Using the entries below, say how many of the lines carry "Mirror". Write the number alone.

Source data:
··········
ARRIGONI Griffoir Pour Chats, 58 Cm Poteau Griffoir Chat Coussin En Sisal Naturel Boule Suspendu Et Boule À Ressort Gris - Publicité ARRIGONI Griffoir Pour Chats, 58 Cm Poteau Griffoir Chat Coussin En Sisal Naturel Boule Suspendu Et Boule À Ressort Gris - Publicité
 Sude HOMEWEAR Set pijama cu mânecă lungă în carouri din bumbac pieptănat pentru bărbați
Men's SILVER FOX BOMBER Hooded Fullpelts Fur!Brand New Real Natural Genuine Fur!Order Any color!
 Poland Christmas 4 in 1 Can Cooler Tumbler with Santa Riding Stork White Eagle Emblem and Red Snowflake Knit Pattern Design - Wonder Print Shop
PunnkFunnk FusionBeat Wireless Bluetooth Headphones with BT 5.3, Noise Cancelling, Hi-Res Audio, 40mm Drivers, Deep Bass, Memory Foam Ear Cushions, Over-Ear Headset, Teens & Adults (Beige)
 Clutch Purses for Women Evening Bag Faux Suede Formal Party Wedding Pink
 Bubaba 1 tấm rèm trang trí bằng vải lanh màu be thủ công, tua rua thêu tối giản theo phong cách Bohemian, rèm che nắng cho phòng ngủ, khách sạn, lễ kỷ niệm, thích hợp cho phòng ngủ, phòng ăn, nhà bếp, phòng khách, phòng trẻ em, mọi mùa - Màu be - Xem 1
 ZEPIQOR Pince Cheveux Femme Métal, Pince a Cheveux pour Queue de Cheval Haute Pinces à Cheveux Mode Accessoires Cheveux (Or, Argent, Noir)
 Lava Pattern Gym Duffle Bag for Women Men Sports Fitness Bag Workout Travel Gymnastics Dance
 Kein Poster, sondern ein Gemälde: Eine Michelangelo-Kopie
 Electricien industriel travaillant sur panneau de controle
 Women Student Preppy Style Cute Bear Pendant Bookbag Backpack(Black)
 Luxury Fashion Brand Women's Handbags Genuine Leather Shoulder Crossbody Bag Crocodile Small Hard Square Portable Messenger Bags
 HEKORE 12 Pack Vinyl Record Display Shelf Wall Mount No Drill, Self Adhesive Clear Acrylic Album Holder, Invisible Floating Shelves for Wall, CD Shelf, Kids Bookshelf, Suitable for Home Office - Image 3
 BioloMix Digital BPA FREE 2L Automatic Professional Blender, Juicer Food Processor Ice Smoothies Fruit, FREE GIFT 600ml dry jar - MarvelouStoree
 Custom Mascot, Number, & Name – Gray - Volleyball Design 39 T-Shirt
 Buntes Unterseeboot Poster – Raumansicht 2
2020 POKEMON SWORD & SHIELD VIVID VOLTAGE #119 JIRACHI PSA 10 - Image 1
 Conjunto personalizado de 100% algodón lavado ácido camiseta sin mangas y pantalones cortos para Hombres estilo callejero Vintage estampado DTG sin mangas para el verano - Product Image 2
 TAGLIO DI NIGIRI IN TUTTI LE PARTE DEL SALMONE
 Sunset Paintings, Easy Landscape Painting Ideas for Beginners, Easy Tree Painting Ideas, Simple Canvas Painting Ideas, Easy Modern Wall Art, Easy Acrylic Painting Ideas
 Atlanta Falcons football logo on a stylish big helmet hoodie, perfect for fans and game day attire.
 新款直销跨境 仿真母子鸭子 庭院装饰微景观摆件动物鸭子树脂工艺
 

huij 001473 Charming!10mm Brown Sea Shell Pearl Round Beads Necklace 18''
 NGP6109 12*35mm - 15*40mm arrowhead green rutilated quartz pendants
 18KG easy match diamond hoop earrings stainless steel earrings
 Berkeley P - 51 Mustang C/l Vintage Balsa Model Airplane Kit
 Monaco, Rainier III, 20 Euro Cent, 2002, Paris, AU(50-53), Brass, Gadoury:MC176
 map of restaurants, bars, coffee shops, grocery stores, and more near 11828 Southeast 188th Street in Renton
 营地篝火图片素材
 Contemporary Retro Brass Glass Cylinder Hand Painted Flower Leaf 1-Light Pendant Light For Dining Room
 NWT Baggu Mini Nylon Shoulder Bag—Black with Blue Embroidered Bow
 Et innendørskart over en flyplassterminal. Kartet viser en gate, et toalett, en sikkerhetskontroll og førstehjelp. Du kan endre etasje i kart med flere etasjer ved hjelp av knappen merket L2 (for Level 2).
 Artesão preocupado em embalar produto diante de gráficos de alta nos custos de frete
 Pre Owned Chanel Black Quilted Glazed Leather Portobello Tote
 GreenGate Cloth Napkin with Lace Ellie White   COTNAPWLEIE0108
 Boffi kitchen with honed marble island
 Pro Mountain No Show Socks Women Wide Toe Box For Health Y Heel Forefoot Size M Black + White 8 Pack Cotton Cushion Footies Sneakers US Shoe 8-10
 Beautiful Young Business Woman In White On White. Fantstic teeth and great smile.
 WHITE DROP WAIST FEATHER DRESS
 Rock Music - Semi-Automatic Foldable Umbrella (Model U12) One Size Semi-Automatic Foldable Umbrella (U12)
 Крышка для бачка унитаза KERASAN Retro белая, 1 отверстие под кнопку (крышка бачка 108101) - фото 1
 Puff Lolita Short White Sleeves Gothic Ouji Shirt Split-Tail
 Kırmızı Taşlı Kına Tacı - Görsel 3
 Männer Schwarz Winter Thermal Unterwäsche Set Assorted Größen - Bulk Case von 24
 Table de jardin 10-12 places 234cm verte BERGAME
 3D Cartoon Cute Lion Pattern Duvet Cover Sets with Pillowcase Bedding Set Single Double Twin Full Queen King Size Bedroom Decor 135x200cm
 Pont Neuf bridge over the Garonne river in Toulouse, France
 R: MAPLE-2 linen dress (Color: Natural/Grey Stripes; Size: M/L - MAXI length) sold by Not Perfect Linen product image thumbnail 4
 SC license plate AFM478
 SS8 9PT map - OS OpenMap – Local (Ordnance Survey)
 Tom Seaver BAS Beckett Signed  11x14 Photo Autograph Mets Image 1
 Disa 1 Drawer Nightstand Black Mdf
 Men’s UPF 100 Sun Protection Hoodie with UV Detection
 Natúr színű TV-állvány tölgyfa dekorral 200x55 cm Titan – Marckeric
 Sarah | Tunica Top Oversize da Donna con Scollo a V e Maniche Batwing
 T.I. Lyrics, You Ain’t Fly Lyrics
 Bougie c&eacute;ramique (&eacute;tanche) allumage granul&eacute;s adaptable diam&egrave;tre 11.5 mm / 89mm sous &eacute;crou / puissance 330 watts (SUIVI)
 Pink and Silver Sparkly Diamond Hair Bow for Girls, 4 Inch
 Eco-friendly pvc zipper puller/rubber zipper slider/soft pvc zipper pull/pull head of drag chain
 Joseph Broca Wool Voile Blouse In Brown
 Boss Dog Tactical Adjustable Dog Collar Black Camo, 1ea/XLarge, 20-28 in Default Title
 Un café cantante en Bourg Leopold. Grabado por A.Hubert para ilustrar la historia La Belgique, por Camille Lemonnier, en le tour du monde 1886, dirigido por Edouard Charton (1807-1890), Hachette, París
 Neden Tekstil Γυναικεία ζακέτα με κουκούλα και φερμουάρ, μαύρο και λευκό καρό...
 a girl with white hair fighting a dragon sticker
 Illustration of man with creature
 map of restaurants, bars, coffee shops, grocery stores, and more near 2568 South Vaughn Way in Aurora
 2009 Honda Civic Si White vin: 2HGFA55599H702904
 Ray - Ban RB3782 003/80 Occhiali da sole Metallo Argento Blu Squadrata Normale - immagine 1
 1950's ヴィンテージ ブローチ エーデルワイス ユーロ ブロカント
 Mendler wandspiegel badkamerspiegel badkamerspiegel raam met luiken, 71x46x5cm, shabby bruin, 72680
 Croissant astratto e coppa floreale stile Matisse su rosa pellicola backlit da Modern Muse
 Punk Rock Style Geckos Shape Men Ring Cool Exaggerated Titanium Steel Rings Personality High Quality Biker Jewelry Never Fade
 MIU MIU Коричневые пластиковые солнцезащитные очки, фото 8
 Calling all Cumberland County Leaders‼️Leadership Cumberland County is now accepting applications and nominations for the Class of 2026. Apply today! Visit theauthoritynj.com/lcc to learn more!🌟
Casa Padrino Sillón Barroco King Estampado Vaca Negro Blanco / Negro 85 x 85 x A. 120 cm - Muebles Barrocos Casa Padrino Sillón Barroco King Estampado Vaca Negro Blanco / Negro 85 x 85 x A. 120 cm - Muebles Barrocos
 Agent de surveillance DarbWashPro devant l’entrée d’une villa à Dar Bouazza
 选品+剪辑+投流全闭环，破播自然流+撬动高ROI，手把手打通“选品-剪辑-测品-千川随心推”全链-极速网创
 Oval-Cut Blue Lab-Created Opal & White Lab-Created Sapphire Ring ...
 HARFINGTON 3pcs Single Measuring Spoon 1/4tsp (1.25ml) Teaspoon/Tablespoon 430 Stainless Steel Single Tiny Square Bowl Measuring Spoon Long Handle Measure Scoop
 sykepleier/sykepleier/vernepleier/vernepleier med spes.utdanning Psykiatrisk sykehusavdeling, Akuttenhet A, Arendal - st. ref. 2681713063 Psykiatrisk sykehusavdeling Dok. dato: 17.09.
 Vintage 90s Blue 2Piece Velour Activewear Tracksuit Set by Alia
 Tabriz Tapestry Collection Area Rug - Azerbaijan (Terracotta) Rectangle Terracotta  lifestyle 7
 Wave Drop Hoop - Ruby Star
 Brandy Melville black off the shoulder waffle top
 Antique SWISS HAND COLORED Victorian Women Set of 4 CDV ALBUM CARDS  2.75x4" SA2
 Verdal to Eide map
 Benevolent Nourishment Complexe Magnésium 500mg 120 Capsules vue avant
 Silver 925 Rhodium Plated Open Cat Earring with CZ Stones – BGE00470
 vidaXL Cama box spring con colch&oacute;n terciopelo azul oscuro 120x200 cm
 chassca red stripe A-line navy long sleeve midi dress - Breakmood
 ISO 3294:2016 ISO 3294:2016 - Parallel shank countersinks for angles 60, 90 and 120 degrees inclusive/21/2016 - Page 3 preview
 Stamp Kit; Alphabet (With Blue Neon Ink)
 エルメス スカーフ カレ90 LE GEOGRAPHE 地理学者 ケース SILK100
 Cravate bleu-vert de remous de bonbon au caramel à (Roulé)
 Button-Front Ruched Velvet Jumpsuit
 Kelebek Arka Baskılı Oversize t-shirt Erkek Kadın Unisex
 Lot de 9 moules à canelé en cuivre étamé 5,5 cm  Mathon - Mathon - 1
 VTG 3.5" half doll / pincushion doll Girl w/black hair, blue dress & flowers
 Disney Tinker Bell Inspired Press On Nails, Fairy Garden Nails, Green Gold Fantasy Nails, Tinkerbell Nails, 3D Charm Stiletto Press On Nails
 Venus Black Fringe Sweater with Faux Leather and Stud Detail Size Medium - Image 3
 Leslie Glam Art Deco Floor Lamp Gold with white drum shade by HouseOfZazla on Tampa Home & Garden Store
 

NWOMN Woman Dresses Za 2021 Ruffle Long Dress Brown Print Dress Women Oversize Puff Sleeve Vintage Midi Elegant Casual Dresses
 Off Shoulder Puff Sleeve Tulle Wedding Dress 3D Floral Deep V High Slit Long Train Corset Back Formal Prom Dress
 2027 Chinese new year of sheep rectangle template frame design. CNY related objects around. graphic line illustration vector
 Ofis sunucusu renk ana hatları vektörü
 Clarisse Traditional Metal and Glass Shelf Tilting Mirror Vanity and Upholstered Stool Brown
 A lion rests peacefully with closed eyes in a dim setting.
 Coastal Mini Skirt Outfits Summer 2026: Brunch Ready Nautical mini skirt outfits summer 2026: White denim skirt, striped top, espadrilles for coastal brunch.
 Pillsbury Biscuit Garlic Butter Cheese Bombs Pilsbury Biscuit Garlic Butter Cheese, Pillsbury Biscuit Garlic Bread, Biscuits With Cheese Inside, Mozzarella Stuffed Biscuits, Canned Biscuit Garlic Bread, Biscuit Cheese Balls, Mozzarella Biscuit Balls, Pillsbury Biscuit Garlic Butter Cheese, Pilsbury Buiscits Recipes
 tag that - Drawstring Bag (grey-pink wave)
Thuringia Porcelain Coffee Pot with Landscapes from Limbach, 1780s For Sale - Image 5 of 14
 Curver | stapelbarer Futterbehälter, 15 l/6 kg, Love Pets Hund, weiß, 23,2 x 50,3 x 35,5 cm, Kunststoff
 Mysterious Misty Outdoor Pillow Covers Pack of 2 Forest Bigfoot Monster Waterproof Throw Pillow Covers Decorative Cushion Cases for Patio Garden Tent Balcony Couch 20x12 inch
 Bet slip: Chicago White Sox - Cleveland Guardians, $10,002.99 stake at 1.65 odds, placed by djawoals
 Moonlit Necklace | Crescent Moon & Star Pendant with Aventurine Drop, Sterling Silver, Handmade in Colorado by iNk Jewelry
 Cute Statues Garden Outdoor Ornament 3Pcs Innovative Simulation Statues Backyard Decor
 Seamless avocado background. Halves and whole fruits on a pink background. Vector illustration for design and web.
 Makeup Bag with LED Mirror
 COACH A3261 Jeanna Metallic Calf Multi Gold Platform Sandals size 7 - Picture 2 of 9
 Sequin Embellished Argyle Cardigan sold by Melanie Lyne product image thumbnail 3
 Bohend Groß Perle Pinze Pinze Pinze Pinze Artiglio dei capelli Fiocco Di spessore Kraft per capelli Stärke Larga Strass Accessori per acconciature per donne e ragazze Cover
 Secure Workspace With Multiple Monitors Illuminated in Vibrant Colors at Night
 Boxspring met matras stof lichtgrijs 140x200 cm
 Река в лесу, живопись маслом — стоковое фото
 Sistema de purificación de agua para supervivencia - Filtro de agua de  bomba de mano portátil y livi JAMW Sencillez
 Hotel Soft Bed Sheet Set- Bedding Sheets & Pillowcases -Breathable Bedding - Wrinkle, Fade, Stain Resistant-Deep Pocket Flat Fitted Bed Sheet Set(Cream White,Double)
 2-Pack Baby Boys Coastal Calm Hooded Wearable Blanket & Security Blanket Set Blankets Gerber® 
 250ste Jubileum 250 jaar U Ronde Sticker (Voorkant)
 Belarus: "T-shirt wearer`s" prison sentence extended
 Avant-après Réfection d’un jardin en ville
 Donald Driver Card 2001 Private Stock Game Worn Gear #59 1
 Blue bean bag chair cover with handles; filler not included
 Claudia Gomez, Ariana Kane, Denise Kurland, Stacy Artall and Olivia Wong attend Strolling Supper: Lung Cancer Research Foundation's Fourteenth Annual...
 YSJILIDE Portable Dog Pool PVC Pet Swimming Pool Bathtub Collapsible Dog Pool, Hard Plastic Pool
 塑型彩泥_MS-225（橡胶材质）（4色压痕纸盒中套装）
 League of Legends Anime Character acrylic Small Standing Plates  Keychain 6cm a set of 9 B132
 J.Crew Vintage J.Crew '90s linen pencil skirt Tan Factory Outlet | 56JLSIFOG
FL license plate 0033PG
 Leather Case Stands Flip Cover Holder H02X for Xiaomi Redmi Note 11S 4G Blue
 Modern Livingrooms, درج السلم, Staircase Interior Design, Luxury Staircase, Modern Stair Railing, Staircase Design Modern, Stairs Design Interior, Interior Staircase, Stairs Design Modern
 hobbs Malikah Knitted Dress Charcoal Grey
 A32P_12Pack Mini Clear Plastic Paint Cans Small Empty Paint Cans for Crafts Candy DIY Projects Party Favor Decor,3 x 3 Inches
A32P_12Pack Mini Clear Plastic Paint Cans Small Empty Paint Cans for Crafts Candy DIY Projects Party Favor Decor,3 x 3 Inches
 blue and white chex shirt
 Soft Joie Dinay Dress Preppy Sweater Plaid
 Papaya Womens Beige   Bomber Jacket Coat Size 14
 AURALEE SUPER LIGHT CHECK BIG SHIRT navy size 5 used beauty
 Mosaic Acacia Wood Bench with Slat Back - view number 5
··········
# [YOUR RESPONSE]
2